A perfect inter-generational stand-off. First off Johann Hari (enough material for an entire blog, but have no fear, I'm not volunteering), reminding us that his generation is the most righteous and enlightened ever to have inhabited our planet:-
'In the contempt for these shows, there is also a disguised longing for the age of emotional repression, when British people didn't cry or shout or scream on television. But that world had horrible flaws that far outweigh ours. Watch the 1945 film Brief Encounter now and it seems like the record of two deeply mentally-ill people. Trevor Howard and Celia Johnson meet on a train, fall in love and realise they are perfect for each other – but they are so deeply repressed they can't even bring themselves to touch, and return to miserable, wasted lives, wondering what might have been. This squalid stoicism made women feel obliged to stay with men who beat them too: the stiff upper lip was intimately connected to the bruised upper lip.'
But then there was Helen Maclenan, a decidedly atypical Indie reader whom I take to be of a certain age:-
'Sir: Johann Hari entirely misses the point of Brief Encounter, where the characters make the choice to return to their responsibilities and not to destroy the lives of their families.

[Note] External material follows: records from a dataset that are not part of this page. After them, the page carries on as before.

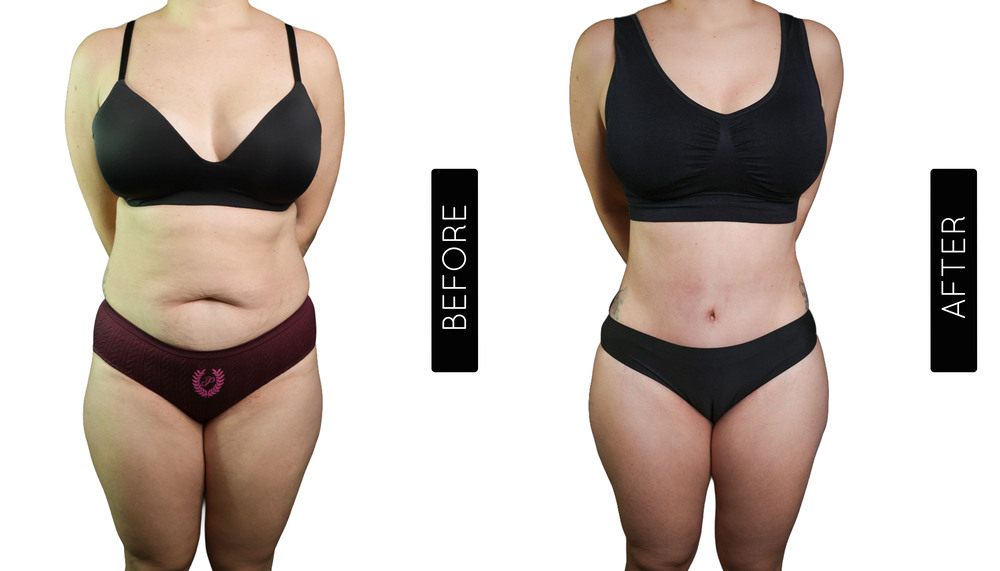 Tummy Tuck Before and After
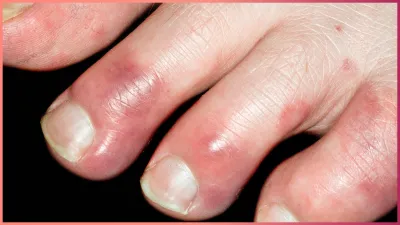 chilblains causes- India TV Hindi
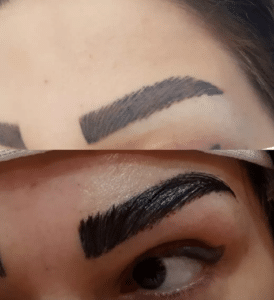نمونه کاشت ابرو (کلینیک کاشت موی آرا)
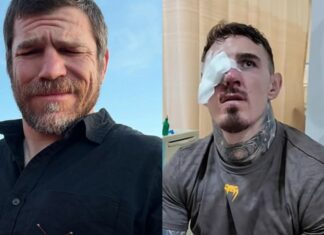 „Wówczas wszyscy szybko przestaliby to robić”. Jim Miller o trafianiu palcami w oczy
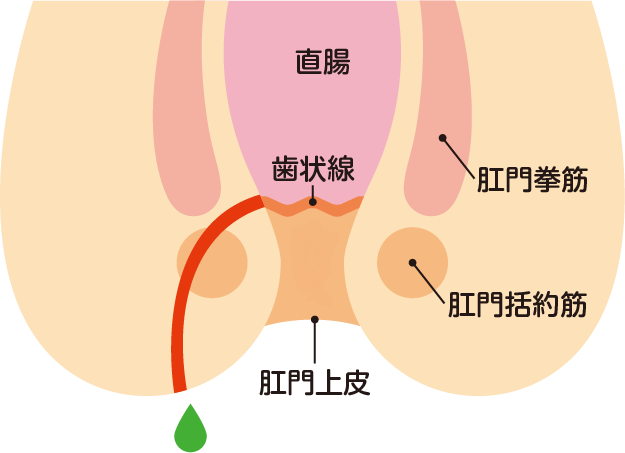 あな痔（痔ろう）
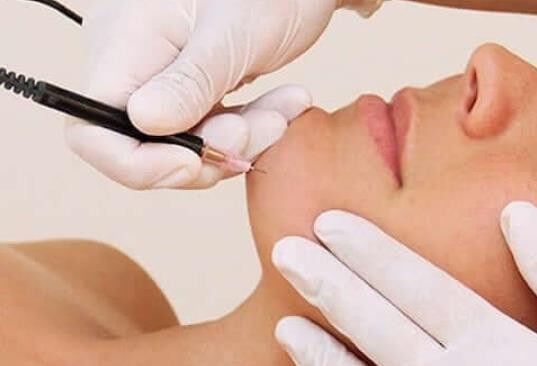 Electrolysis Hair Removal: Benefits, Cost &amp; How Many Treatments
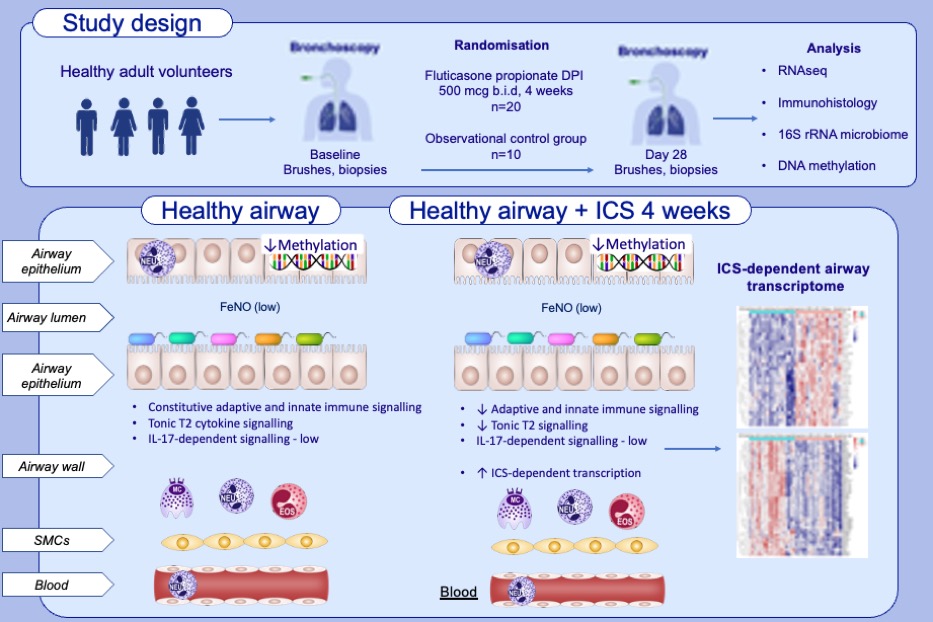HinksLab's tweet image. Out today: an unexpected discovery from our Leicester/Oxford healthy volunteer bronchoscopy study. In health there is constitutive type 2 signalling within the airway mucosa, which is exquisitely sensitive to ICS. Read it now in doi.org/10.1111/all.16…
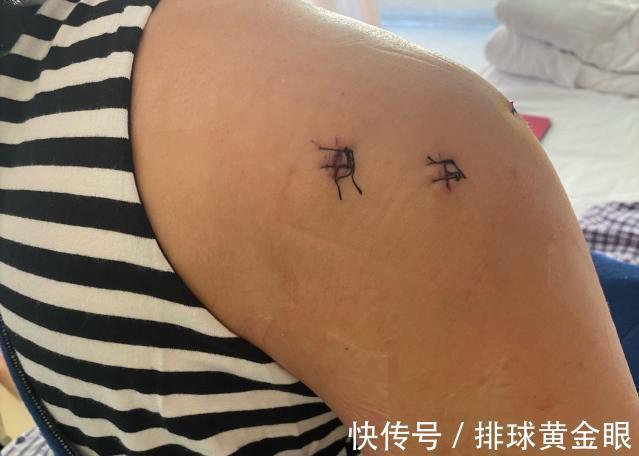 右肩|颜妮右肩植入8枚钢钉，还将进行右膝修复，朱婷手术时间牵动人心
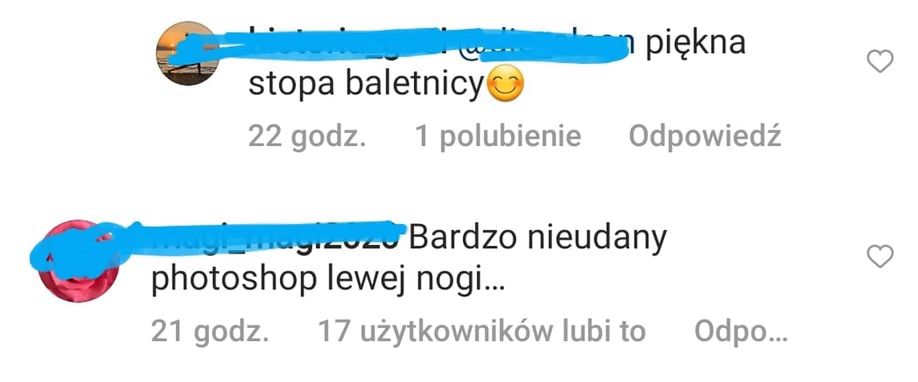 Małgorzata Rozenek - co z jej stopą?
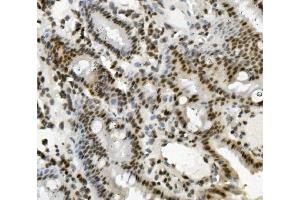 IHC analysis of PRDM5 using anti-PRDM5 antibody (ABIN7600853). (PRDM5 anticorps  (AA 24-630))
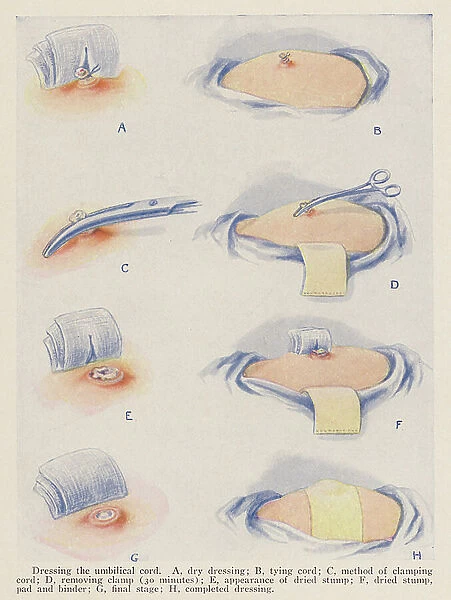 Dressing the umbilical cord after childbirth (colour litho)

'This may seem odd to Hari, as a member of the "me" generation, but there was a time when it was considered reasonable to consider the needs of others before one's own desires.'
Now, ain't that the truth? While we still can, we must cherish those who can tell us how it was before the Great Cultural Revolution. One day we will only have the films, their strangeness confronting us like Stonehenge or the writings of the Etruscans, and the Haris to interpret them for us (when they're not too busy designing Superpersons).
PS I don't want to gild Ms Maclenan's lily, but I do think it's revealing to chart the evolution of the concept of repression. It starts with Freud, of course, and for him it means the ways we prevent urges which we feel to be unacceptable from becoming conscious. But even Johann Hari surely cannot believe that the hero and heroine of Brief Encounter are unconscious of their feelings for each other. No, what he is saying is that their emotional health depends not merely on being aware that they're dying to shag each other, but on acting on that awareness. As if the point of psychoanalysis was not just to bring your Oedipus complex into the light of consciousness, but also to put it into practice. In Hariland morality only ****s you up.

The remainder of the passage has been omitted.